Sniper control panel shows 12 v in the run position.
We've said it here many times. New does not mean good.
Granted, your new battery is low on the list of suspects, but keep it in the back of your mind anyway. As they say, trust, but verify.
And does it say just 12v? Or does it say 12.5 or 12.6 volts? A fully charged battery is something like 12.6v so if it's not reading that, it has been at least partially discharged and you might want to put it on the charger anyway.
My first thought was the neutral safety wiring so I’ll check that.
Good plan. Since you get nothing, no click or anything, it's a good bet that the signal to start is not making it to the starter relay.
But go ahead and run down your relay bypass tests.
Obviously, for all of these tests the transmission should be verified in Park or Neutral. With any tests that the key does not have to be ON or in START, verify that the key is indeed in the OFF position.
First thing to check, even before doing the bypass tests, is to put a volt-meter on the small Red w/blue wire (If an aftermarket harness it could be Violet/Purple) from the "S" terminal to see if it's getting 12v from the key.
Easiest way to do it is with a helper. Pull the wire off the stud, and with the helper holding the key in the START position take your voltage measurement. Should be pretty close to full battery voltage.
If not, then your problem is upstream, somewhere between the ignition switch, the wiring, the NSS and the wiring.
If you do get voltage at the wire, then on to testing the relay...

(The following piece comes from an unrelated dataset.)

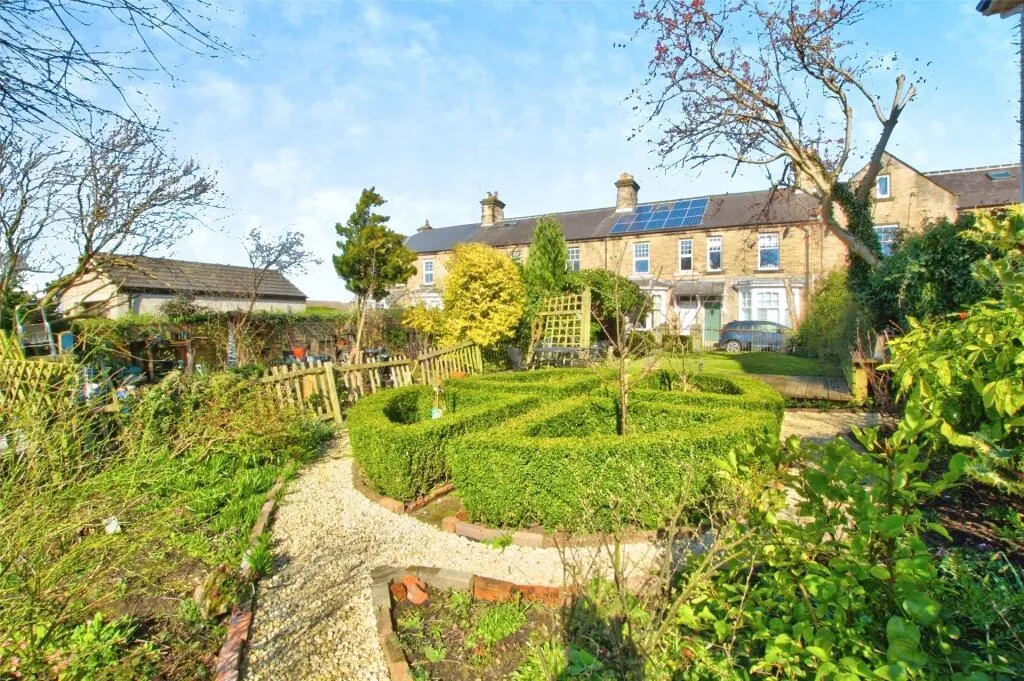 3 Bedroom House - Mid Terrace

1. While the key is OFF and the Red w/blue wire is still off of the relay, jumper between the large post on the left with the battery cable, to the small "S" post. You can use a small wire of 14ga or larger, with the metal handles of a pair of pliers, or just a screwdriver if you can do it without shorting it to the body!

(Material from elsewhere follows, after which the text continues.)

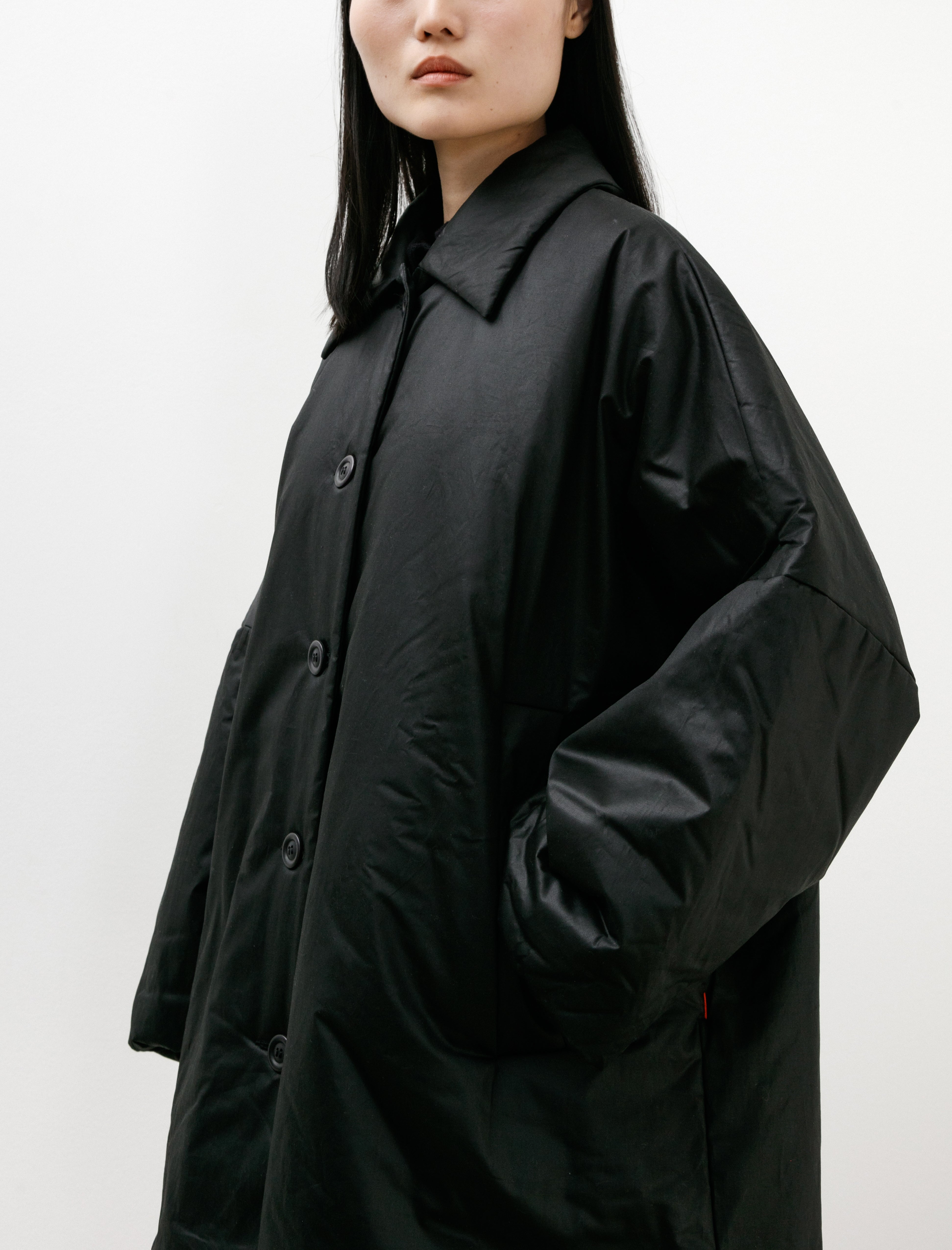 Casey Casey Triangle Coat Lacqed Black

If you had voltage at the small wire but no cranking, and now with the jumper the starter cranks your relay is good, but you have a bad connection right there at the Red w/blue wire.
If the jumper trick does not even give you a big healthy click at the relay (whether the starter cranks or not), then either the relay is not properly grounded, or your relay is defective and needs to be replaced.

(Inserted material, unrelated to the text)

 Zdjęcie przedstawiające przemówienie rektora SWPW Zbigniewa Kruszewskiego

If it clicks, but still no starter activity, on to the next step.
2. With a heavier duty tool, such as jumper cables or a heavy duty large pair of metal plier handles, jumper the two large terminals on the starter relay together. This essentially bypasses the entire relay and connects (theoretically) your starter to your battery directly.
If the starter cranks, you may still have a bad relay. It could be clicking, but not making full contact inside.
If still no cranking, then you have either a bad starter cable, or a bad starter. Try hitting the starter as suggested above.
3. With the jumper cables and a VERY careful attitude and method, jumper the starter directly to the battery. Clamp to the starter first, then touch the other end to the battery.
If it cranks you have a bad connection, or a bad starter cable.
If it does not crank, your starter is bad. Of course, if you hear anything at all from the starter, or the cables get hot immediately, this is the time to make sure your engine can at least turn over. Crank the engine by hand just to verify. It's rare, but it's happened that an engine is locked up for one reason or another.
The above is if you have a standard Bronco starter. If you're using a modern PMGR or mini-type starter, the method will change slightly.
Those are most of the main steps. If I left anything out the others will fill in the blanks. But it gives you a basic rundown of the system and things to look for.
Naturally, if it fails the first test and you have no voltage at the Red w/blue wire (or as mentioned, perhaps Violet/Purple) then you move upstream and test the input/output of the NSS wiring. With your 4R70 it's not just a simple 4-wire plug with only two colors to deal with, so others will have to chime in with some details of that.
But you can check the ignition switch very easily too. If power is coming in on the Yellow wire and is going out on the Red w/blue wire in START, then the issue must lie somewhere in-between.